On 17 December 2015 at 10:24 am Murray Weatherston said:
Hi David
The headline - "entity licensing benefits no-one" - is wrong because your universe was limited to just consumers and advisers.
I want to share a recent personal light-bulb moment with you - the universe includes the regulator. I believe the regulator is totally overwhelmed by the thought of having to individually authorise or license another 5000+ Financial Advisers (current rbnaFAs (commonly referred to as RFAs) and QFE advisers. They will need to do this if in future there is only one big class of FAs.
Ergo - entity licensing! Simple really.
On 17 December 2015 at 3:36 pm MPT Heretic said:
You might be right Murray although based on the FMA's extraordinary ability to crush the original number of AFA's under the compliance burden and cost, the number of FAs left for them to licence and monitor post the next wave of change may be substantially less than you think
On 19 December 2015 at 11:31 am dcwhyte said:
As perceptive as ever Murray.

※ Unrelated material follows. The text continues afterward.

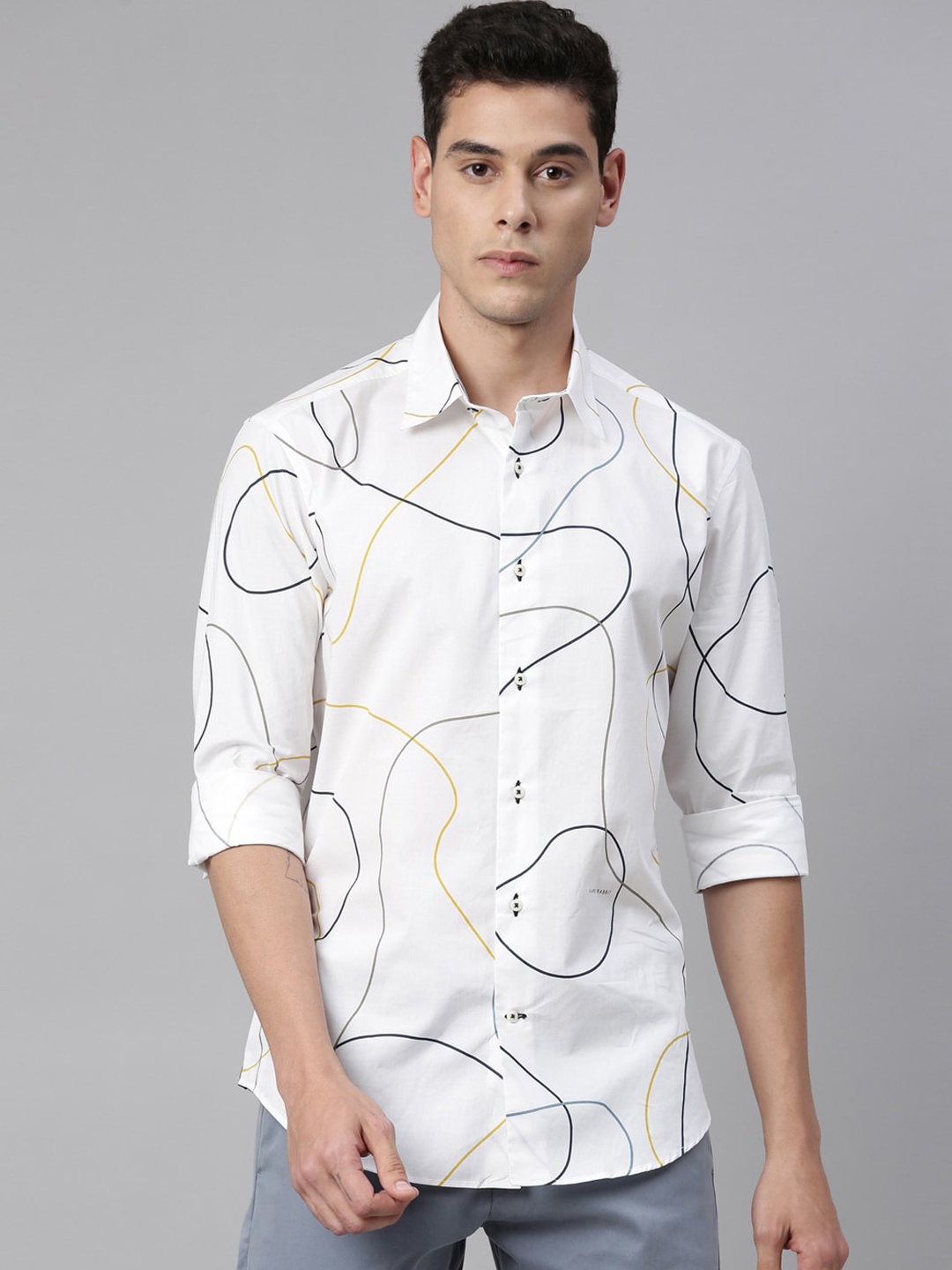 RARE RABBIT Men Electron Regular Fit Printed Shirt, White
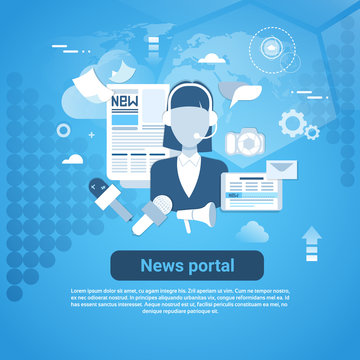 News Portal Web Banner With Copy Space On Blue Background Vector Illustration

The epiphany of regulator benefit had already shone its light in Albany - discretion persuaded against inclusion.

Those retained by QFEs would be exempt from individual licensing as their obligations are to the QFE, therefore the numbers would be considerably reduced.

The questions remains, however, is the regulatory regime intended for the benefit of the consumer or the convenience of the regulator?